# [RECORDS SUPPLIED]
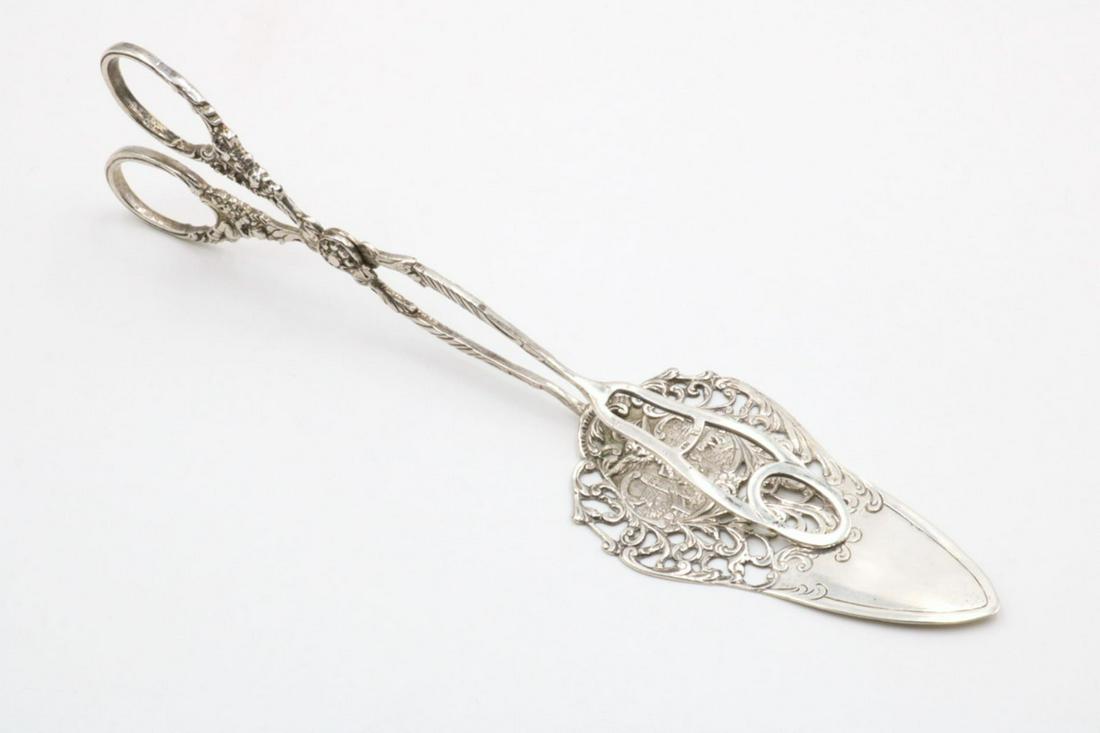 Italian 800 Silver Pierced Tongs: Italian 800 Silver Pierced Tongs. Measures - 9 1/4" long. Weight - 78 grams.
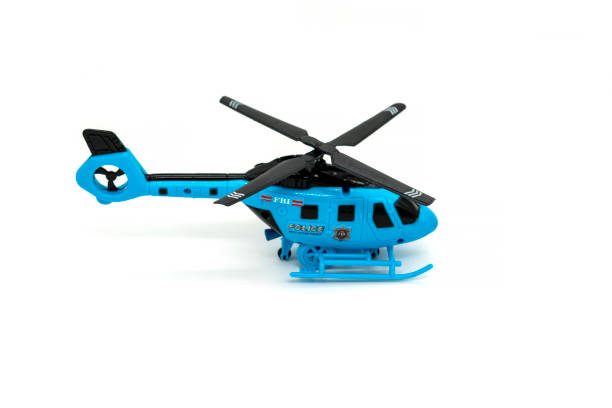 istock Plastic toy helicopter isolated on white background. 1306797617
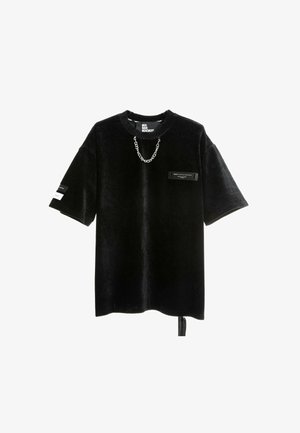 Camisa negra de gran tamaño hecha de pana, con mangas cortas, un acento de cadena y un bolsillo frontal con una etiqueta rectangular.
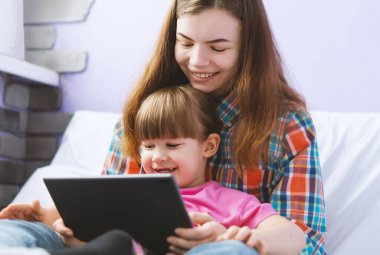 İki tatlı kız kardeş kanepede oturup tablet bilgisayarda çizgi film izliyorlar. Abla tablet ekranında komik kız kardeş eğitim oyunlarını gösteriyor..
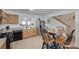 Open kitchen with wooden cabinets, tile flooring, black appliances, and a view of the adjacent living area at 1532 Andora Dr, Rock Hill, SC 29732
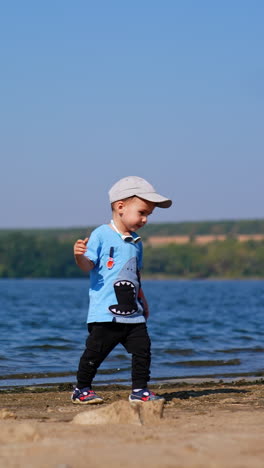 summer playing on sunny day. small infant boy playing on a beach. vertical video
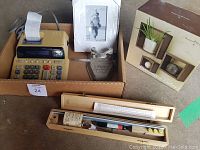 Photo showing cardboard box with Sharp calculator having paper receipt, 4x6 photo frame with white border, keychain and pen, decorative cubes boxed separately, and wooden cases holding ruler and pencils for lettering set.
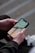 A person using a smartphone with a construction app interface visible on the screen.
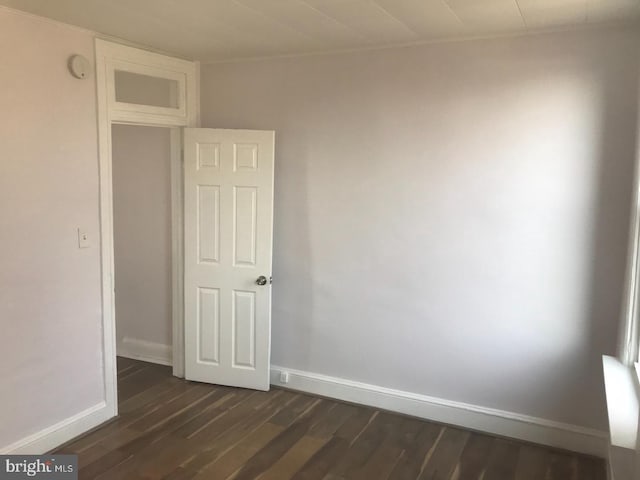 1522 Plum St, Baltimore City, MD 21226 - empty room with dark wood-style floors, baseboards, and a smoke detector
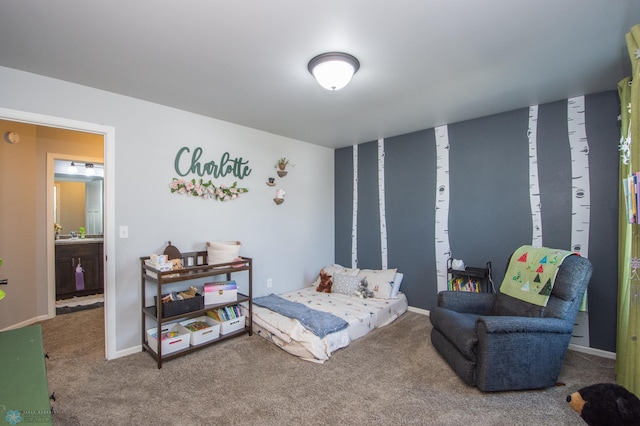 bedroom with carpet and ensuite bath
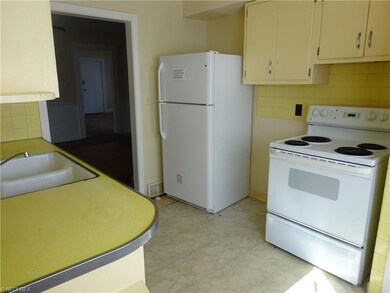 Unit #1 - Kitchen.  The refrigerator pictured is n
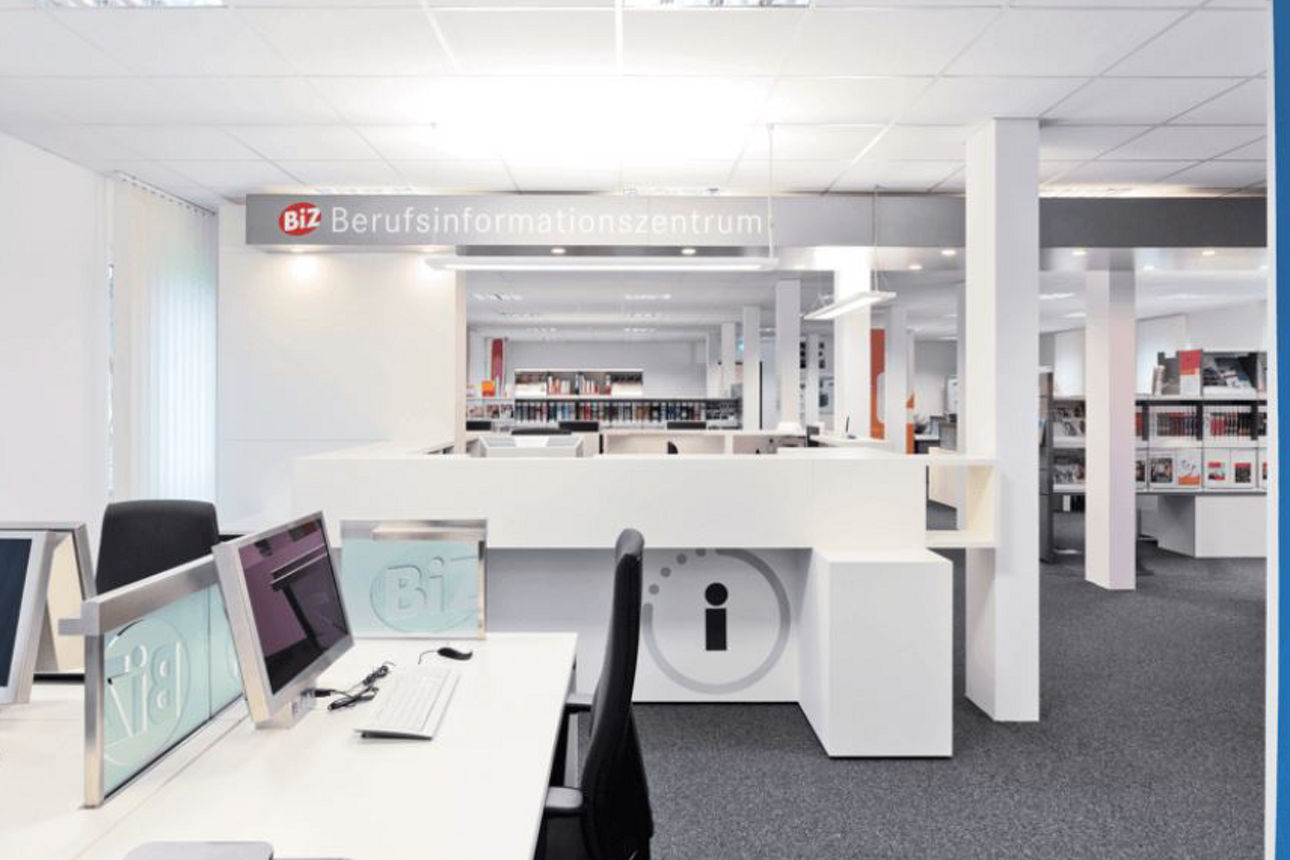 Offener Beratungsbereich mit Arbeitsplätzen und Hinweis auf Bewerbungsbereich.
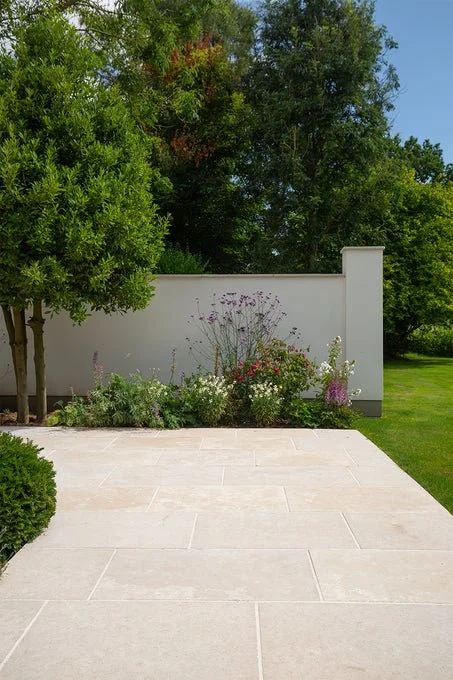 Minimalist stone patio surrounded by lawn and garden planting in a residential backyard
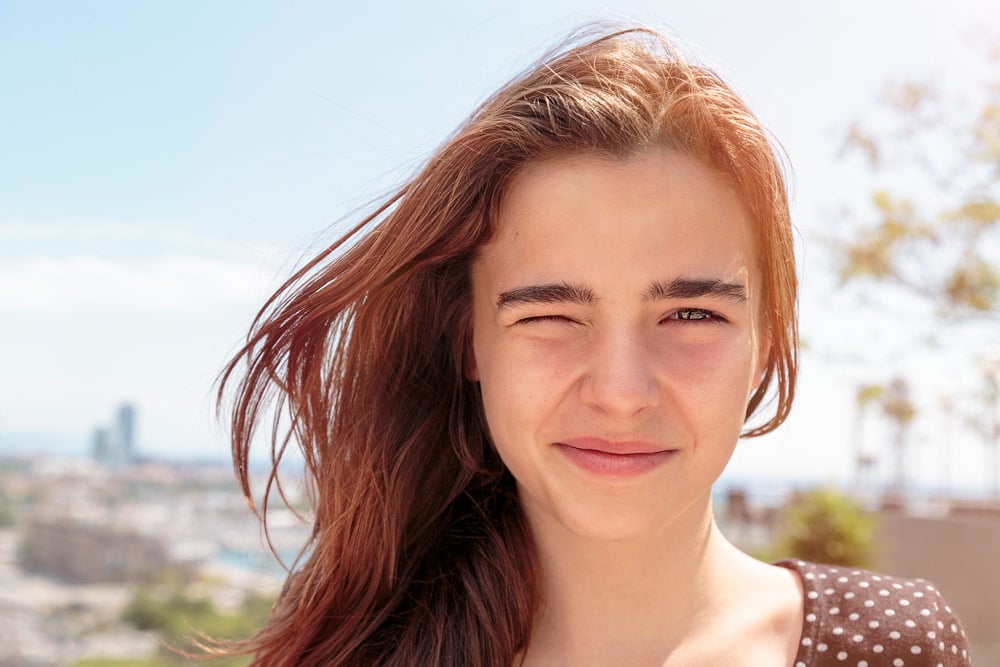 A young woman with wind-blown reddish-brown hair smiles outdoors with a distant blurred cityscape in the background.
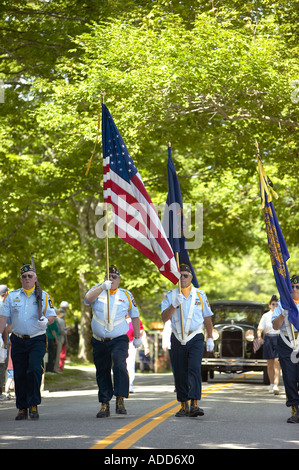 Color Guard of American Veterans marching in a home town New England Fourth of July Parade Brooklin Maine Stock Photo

# [WHAT YOU HAVE TO DO]
Everything from the line with "Photo showing cardboard" through the last line of the listing above is to be copied exactly, both ends included, except the pictures.

# [EXERCISE RESULT]
 Photo showing cardboard box with Sharp calculator having paper receipt, 4x6 photo frame with white border, keychain and pen, decorative cubes boxed separately, and wooden cases holding ruler and pencils for lettering set.
 A person using a smartphone with a construction app interface visible on the screen.
 1522 Plum St, Baltimore City, MD 21226 - empty room with dark wood-style floors, baseboards, and a smoke detector
 bedroom with carpet and ensuite bath
 Unit #1 - Kitchen.  The refrigerator pictured is n
 Offener Beratungsbereich mit Arbeitsplätzen und Hinweis auf Bewerbungsbereich.
 Minimalist stone patio surrounded by lawn and garden planting in a residential backyard
 A young woman with wind-blown reddish-brown hair smiles outdoors with a distant blurred cityscape in the background.
 Color Guard of American Veterans marching in a home town New England Fourth of July Parade Brooklin Maine Stock Photo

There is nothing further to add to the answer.